Real estate recovery continues in the Vail Valley

From the Vail Daily:

Pre-sold real estate is returning to the Vail Valley, albeit in a small way.
As the local real estate market continues its recovery from its 2009 collapse, 2014 is looking like the best year since the boom times in terms of both transactions and the money generated by those sales.
The most recent data from Land Title Guarantee Co., which uses county records of closed transactions, shows a continued return to health in the local real estate market. Bank sales, which peaked at more than 20 percent of all real estate transactions a few years ago, now account for about 5.1 percent of all sales through July 31. Sales volume, the amount of money generated by those transactions, is more than 30 percent more than 2013’s totals through the end of July. The number of sales through the first seven months of the year is off slightly from the 2013 pace, due largely to a bit of a drop in transactions in July.
Unexpected Dip
Slifer Smith & Frampton Real Estate Vice President Julie Bergsten said the July dip was unexpected. There’s usually a bit of bounce in sales in July she said, and that bounce didn’t materialize this year. On the other hand, Bergsten said sales in August — transactions either under contract or which haven’t yet shown up on county records — rebounded a bit from July, and are at the same levels seen in the same period in 2013. Those sales were aided a bit by pre-sales at Brookside Lofts in Avon. Work hasn’t yet started to convert former office space to residential space in the building along U.S. Highway 6, but Bergsten said eight of the 16 units are already under contract. Those units, which start at about $600,000, are an example of movement in the market for units priced less than $1 million. And activity in the market depends in large part on the neighborhood.
Lack of Inventory
While Vail’s market remains strong, nearly half of all July’s sales were in non-resort areas of the county. And, Bergsten said, the market remains sluggish for single-family homes in Beaver Creek. Conversely, a less-expensive unit such as a condo will probably move quickly, in part because there aren’t many of those units available. The lack of inventory is also being felt in Gypsum. There, units priced at $400,000 or less tend to go quickly — depending on the neighborhood and the unit, of course — primarily because there are so few homes available.
Laurie Slaughter, of Berkshire Hathaway HomeServices Colorado Properties’ Gypsum office, has long sold real estate in that part of the valley. She said the lack of inventory in the lower-priced part of the market is due in part to the fact that the flood of foreclosures and short sales seen a couple of years ago has slowed to a trickle. That leaves fewer units available, although Slaughter said some sellers are trying to venture back into the market. Some of those sellers are testing the market, setting prices that might be a bit higher than buyers are willing to pay.
Trading Space for Convenience
While the lower end of the market sees the few available units sell quickly — for the most part — Slaughter said the Cotton Ranch neighborhood around the Gypsum Creek Golf Course is selling more slowly. Given the options at about the same price closer to the resorts, Slaughter said it’s possible some buyers are trading space for convenience.

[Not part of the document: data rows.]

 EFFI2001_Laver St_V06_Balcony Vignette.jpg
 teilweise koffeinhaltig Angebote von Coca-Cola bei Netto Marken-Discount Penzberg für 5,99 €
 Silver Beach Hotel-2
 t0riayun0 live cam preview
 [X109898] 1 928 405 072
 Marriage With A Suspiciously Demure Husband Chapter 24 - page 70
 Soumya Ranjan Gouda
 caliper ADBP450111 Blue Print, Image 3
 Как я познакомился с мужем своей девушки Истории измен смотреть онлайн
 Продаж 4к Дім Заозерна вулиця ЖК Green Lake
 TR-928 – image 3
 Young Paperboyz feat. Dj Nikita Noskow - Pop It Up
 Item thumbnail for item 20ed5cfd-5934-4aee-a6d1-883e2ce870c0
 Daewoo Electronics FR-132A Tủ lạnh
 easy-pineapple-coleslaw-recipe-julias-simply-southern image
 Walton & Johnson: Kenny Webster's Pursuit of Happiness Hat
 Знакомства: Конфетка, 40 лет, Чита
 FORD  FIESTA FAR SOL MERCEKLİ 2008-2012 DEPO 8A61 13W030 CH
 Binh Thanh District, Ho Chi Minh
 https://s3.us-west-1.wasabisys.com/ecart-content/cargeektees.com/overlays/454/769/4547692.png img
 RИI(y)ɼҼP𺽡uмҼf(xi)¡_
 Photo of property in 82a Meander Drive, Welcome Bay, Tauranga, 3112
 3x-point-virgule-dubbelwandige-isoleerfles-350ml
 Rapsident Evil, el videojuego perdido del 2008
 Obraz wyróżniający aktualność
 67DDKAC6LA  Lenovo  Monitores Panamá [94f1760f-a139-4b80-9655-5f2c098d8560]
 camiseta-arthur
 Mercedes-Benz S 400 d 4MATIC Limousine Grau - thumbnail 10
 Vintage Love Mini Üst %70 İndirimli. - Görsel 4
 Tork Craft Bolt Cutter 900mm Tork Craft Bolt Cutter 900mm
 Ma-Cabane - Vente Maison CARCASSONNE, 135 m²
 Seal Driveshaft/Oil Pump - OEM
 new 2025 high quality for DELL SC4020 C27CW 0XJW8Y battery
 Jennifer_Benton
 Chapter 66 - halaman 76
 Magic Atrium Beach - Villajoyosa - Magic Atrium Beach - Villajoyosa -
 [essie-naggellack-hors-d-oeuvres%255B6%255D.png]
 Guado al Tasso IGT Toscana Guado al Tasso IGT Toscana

Both Bergsten and Slaughter said given the lack of units in more-active parts of the valley, it could be time for developers to start building more homes. Slaughter said the Stratton Flats property along U.S. Highway 6 is a “missed opportunity” for builders right now. “It would have been nice to have homes there for sale,” she said. While the local market has some dips and rises at the moment, Bergsten said that’s a good sign of a healthy, normal real estate market. “This is the kind of market we saw before 2005,” Bergsten said. “Normal markets go up and down from time to time.”